Doctor Who Series 10: 7 Big Questions After 'Knock Knock'
6. Is This Doctor Who's Creepiest Ever House?
Surprisingly Doctor Who has only really gone the full house
of horrors twice before (Hide, Ghost Light) and with writer Mike Bartlett being
a particular fan of Sylvester McCoy’s final season, the influence of the 1989 episode
Ghost Light is clear. But if that story is one of the show’s most ambitious
affairs with its meaning still up for debate today, then this one is a far more
traditional affair.

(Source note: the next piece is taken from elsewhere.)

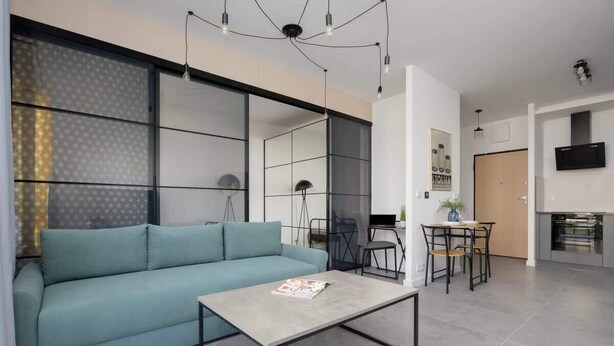 Un salon moderne avec un canapé de couleur turquoise, une table basse et un coin repas comprenant des chaises et une table.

Knock Knock is a blatant riff on all manner of horror
conventions, from Cabin in the Woods to Poltergeist.
Doctor Who has of course had its fair share of scary buildings, with the castle in Heaven Sent perhaps the most chilling. Another candidate would be that spooky children’s home in Listen which is introduced with a similar outside shot to signal the psychological horrors lying within.
The actual building used both in the exterior and interior shots in Knock Knock is Fields House in Newport, a Victorian listed building. The same location was used for Steven Moffat’s Blink in 2007 for the abandoned house where Sally Sparrow and Kathy Nightingale encountered the Weeping Angels. In real life then, this one has to be the creepiest. Not only has it been home to two of Doctor Who’s most fearsome alien races, it has also mysteriously moved from London to Bristol.